Every bill creates winners and losers. Here's who stands to gain and who bears the cost.

Who Benefits

  • Appliance and commercial-equipment manufacturers and importers — They avoid compliance costs tied to new certification, labeling, and enforcement procedures that the DOE rule would have required, and they preserve flexibility for product introductions and inventory management.
  • Trade associations and industry groups that opposed the rule — The resolution advances their interest in limiting prescriptive federal implementation details and delays or removes costs they argue would affect competitiveness.
  • Retailers and distributors — They avoid an immediate need to relabel stock, change point-of-sale information, or alter supply chains to meet the vacated DOE labeling and certification procedures.

Who Bears the Cost

  • Consumers and energy-efficiency advocates — They may lose clearer labeling, tighter certification standards, and stronger enforcement mechanisms that could have improved energy savings and informed purchasing decisions.
  • Department of Energy and enforcement staff — The agency loses a regulatory tool intended to standardize certification and enforcement, requiring programmatic adjustments and potentially reducing enforcement efficiency.
  • State energy offices and utilities — These entities may face coordination and compliance monitoring gaps if they had planned to rely on the DOE’s procedural framework for statewide enforcement or consumer education.

Key Issues

The Core Tension

The central dilemma is between democratic oversight—Congress using the CRA to check and overturn administrative rules—and the need for agencies to retain technical, flexible tools to implement complex standards. Nullifying an implementing regulation restores legislative control but can create enforcement and compliance gaps, transfer regulatory uncertainty to regulated parties, and constrain agencies’ ability to carry out statutory mandates without new legislation.

The resolution achieves regulatory removal by relying on the Congressional Review Act’s short-form procedure, but that procedural shortcut creates substantive uncertainties. Most importantly, vacating a DOE implementing rule does not repeal the underlying statutory efficiency standards; it removes how the agency planned to operationalize certification, labeling, and enforcement.

That mismatch—standards intact, implementation removed—forces regulators and regulated parties to decide how to meet statutory obligations absent the specific DOE mechanics.

The CRA’s prohibition on reissuing a "substantially similar" rule introduces additional ambiguity. The statute leaves "substantially the same" undefined, and agencies and courts have contested the boundary between permissible revisions and forbidden reissuances.

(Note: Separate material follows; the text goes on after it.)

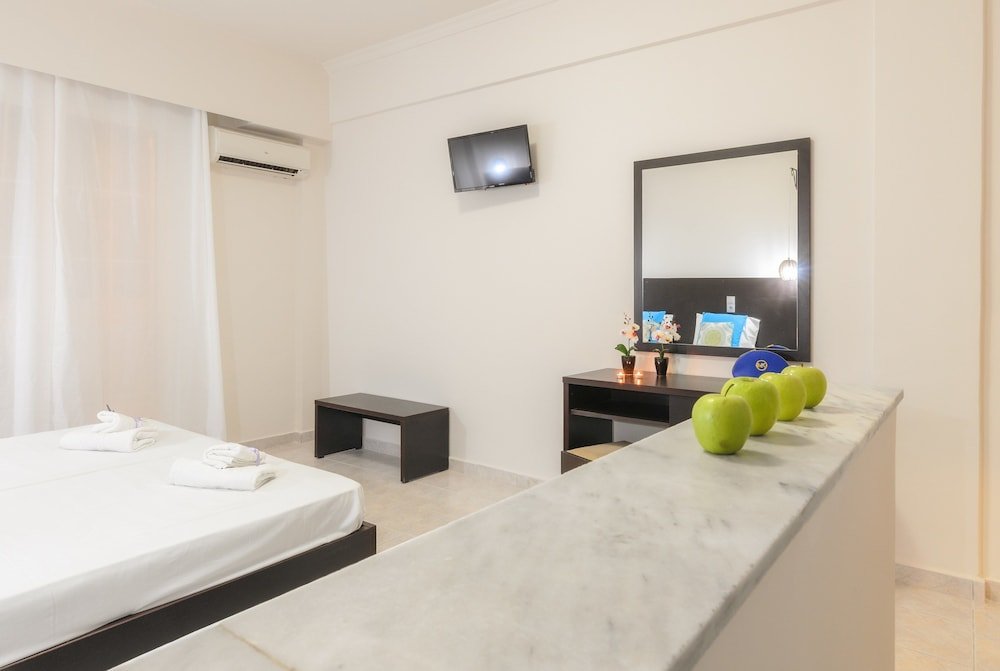 Фото Mouria Studios & Apartments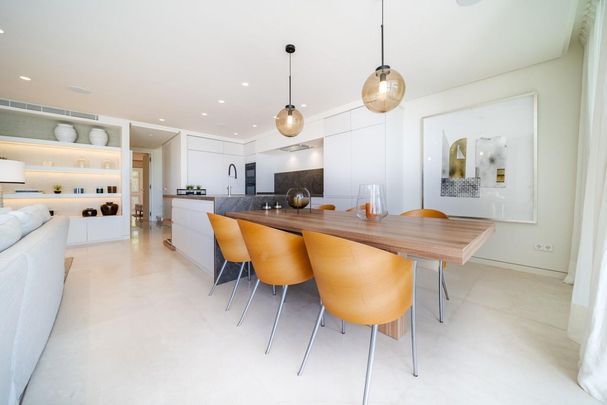 Luxury penthouse for rent in Marbella, Andalusia - Photo 1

That ambiguity creates legal risk for DOE if it attempts a follow-up rulemaking and for regulated firms that must decide whether to invest in compliance systems that could be effectively foreclosed by future congressional action. Finally, the resolution does not speak to interim effects: certifications, labels, or enforcement actions taken while the DOE rule was in effect could be subject to dispute, and stakeholders will need to assess whether past administrative actions survive the disapproval or become vulnerable to challenge.